---------- RECORDS PROVIDED
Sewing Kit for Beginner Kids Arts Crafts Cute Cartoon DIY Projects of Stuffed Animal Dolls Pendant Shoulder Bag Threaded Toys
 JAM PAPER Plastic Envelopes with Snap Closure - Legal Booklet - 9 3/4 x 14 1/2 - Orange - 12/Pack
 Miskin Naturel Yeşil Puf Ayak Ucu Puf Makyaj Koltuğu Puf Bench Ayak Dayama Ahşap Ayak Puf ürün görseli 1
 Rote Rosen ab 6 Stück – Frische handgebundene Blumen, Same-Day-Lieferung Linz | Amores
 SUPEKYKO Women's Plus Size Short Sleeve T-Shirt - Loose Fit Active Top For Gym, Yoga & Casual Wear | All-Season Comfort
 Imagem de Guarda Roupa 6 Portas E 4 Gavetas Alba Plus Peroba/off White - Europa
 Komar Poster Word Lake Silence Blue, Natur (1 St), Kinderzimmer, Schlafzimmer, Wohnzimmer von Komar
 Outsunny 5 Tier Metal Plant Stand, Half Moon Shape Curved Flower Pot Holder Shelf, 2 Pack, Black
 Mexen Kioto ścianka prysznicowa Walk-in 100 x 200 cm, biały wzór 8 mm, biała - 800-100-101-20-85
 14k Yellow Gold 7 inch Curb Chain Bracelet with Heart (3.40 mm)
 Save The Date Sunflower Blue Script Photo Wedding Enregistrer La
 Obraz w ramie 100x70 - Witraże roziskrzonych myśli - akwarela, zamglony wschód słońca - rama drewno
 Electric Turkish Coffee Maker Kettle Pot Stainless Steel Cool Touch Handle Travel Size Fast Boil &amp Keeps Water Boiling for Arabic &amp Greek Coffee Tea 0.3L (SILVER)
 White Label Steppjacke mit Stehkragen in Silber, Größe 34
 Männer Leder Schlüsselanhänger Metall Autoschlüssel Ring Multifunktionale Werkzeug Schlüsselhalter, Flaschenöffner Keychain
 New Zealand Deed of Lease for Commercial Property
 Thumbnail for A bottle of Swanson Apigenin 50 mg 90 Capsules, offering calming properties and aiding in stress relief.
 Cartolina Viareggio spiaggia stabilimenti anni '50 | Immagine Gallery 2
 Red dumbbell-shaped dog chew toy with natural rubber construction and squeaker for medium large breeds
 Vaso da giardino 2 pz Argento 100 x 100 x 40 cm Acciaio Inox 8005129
--------------------
WORK INSTRUCTION
Using the records above, select and copy every line that has the word "Plus".

OUTPUT FOR THIS EXERCISE
 SUPEKYKO Women's Plus Size Short Sleeve T-Shirt - Loose Fit Active Top For Gym, Yoga & Casual Wear | All-Season Comfort
 Imagem de Guarda Roupa 6 Portas E 4 Gavetas Alba Plus Peroba/off White - Europa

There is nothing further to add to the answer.